Eastern Art Online, Yousef Jameel Centre for Islamic and Asian Art

Ashmolean − Eastern Art Online, Yousef Jameel Centre for Islamic and Asian Art

Gerald Reitlinger (1900-1978)

Find out more about the writer and collector who donated a major collection of Middle and Far Eastern ceramics to the Ashmolean.

Portrait of Gerald Reitlinger by (John) Christopher Wood, 1926 (Museum number: WA1978.51)

Biography

Gerald Reitlinger was one of the great benefactors to the Ashmolean Museum during the 20th century. His extensive holdings of Islamic, Chinese, Japanese, and European ceramics (and to a much lesser extent paintings) became part of the Museum's collections in 1978.

Portrait of Gerald Reitlinger by (John) Christopher Wood, 1926 (Museum number: WA1978.51). Portrait of Gerald Reitlinger by (John) Christopher Wood, 1926 (Museum number: WA1978.51).

Born in London in 1900, Reitlinger was a writer and art collector. His connection to Oxford began in 1920 when he came to study at Christ Church College as undergraduate. He then continued his education in art at the Slade School and Westminster Art School in the 1920s and early 1930s.

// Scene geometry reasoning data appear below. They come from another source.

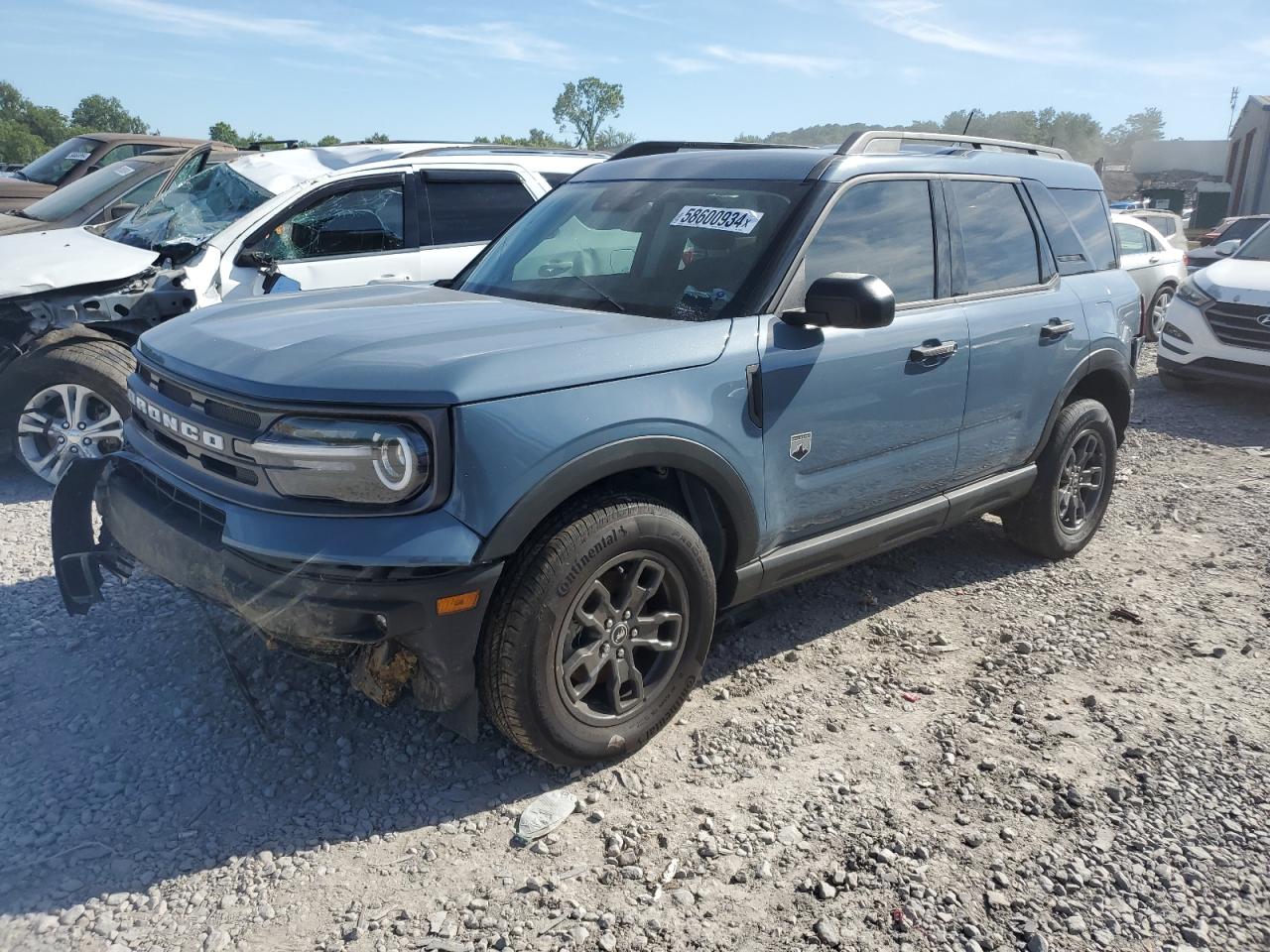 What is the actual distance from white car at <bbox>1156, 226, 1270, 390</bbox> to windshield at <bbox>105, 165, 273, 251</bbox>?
8095 mm

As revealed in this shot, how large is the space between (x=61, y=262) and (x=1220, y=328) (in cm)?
934

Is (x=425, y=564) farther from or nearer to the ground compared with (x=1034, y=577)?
farther from the ground

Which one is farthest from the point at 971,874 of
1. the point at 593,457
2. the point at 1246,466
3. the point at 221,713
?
the point at 1246,466

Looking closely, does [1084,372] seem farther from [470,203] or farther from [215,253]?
[215,253]

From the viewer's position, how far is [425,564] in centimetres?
253

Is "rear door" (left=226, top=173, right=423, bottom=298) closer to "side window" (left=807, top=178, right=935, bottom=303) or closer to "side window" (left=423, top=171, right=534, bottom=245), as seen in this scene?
"side window" (left=423, top=171, right=534, bottom=245)

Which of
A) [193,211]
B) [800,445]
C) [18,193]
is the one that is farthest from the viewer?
[18,193]

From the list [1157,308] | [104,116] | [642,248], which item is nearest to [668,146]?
[642,248]

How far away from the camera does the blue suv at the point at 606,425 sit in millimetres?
2586

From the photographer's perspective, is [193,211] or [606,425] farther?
[193,211]

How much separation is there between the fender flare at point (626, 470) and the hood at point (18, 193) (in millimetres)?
11634

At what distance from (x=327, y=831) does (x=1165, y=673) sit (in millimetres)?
3237

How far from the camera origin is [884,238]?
3.75m

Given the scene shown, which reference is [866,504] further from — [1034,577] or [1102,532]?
[1102,532] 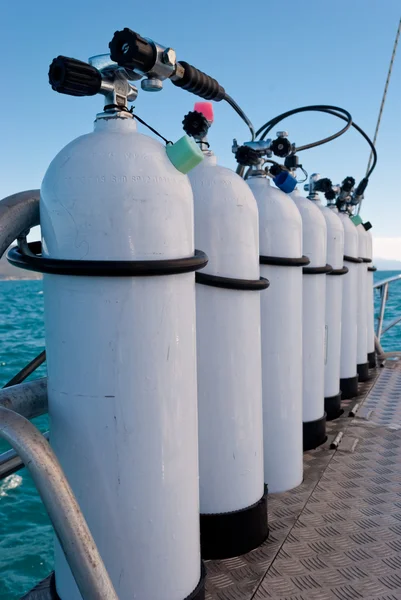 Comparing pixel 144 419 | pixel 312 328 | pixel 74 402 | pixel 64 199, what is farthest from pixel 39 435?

His knowledge of Asia was first developed through a series of travels in the 1930s. He took part in two archaeological excavations in Iraq sponsored by the University of Oxford – the first, co-sponsored by the Field Museum of Chicago, in 1930-31 at Kish; the second, which he co-directed with David Talbot Rice, in 1932 at Hira. From these, he brought back a large number of ceramics sherds, which he stored in his house, in the room he devoted to his Islamic collection and which he called ‘the Museum'. Further travels took him to Iran, Turkey, and China.

After the Second World War, Reitlinger began to write extensively on both historical and art-historical subjects. His seminal work on the art market from the 18th to the 20th century – three volumes collectively known as The Economics of Taste – was published in the 1960s.

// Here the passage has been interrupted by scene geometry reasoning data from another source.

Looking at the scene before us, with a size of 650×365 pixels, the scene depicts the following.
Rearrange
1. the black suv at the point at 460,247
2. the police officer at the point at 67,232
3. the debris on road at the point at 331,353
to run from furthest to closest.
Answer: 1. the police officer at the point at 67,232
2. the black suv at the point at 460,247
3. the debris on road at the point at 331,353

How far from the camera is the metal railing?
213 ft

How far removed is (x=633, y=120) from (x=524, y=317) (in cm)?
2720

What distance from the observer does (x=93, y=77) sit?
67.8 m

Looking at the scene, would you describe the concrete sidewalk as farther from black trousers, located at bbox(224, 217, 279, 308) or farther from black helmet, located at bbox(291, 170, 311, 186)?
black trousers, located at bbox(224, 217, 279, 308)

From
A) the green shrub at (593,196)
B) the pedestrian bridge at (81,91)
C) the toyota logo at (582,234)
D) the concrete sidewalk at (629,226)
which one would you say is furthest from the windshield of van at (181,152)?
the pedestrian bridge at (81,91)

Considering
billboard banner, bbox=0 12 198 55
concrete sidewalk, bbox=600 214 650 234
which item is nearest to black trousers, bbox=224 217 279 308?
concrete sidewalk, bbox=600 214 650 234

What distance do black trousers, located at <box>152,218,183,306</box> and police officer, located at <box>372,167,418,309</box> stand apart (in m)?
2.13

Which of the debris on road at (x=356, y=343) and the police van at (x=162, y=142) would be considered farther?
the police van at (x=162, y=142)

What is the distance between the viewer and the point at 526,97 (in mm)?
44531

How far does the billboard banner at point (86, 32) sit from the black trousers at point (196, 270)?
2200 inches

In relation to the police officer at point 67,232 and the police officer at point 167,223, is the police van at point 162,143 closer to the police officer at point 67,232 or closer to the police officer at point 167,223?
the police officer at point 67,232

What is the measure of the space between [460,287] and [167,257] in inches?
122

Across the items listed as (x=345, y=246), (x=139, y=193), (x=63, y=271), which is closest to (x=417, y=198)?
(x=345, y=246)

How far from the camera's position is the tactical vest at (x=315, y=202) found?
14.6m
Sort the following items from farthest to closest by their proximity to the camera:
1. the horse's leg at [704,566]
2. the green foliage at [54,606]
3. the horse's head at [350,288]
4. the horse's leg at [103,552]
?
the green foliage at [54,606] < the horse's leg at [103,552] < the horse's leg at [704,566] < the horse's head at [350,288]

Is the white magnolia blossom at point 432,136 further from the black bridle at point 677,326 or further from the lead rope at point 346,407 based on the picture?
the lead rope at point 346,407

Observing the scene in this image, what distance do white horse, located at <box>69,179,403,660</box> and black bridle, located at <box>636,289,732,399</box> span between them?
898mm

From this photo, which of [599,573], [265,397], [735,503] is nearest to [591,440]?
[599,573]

While he continued to acquire Islamic pieces (especially from Iraq, Syria, and Iran), his interest and collecting began to embrace Japanese and Chinese ceramics as well. He particularly admired and collected Kakiemon-style enamelled porcelain from Japan, and 17th century Chinese ‘transitional' porcelain, though he acquired a much broader range of material, spanning several centuries. Having developed a keen interest in the connection between Europe and Asia, he also acquired European ceramics which reflected an Asian connection.

Reitlinger's collection was housed in his private residence in Beckley, Sussex, where it was displayed throughout the building. He took care of the conservation and the display of his pieces personally, and some of his objects still preserve traces of the gold paint that he used in his reparation works. He compiled and maintained a card catalogue of his objects, in which he kept a record of an object's provenance and cost, as well as attribution and description information.

Negotiations of his gift to the Ashmolean Museum began to take place in 1972, when Reitlinger approached the Vice Chancellor of the University of the time, Lord Bullock. He expressed his wishes to donate his collection to the University, with the clause that he would retain it in his house until his death. Reitlinger's gift to the Ashmolean included the house deeds as well – its sale was intended to sponsor the construction of a new gallery to display the collection. Unfortunately, the house was devastated by fire in February 1978. Most of the collection was recovered, and underwent a careful process of conservation and accessioning into the Museum collection.

Gerald Reitlinger died only three months after the fire. His collection has been permanently housed in the Ashmolean since 1978, and in 1983 the Museum opened the Gerald Reitlinger gallery to display the Islamic art collection. A wide selection of Reitlinger's pieces is now on display in the new galleries opened in November 2009.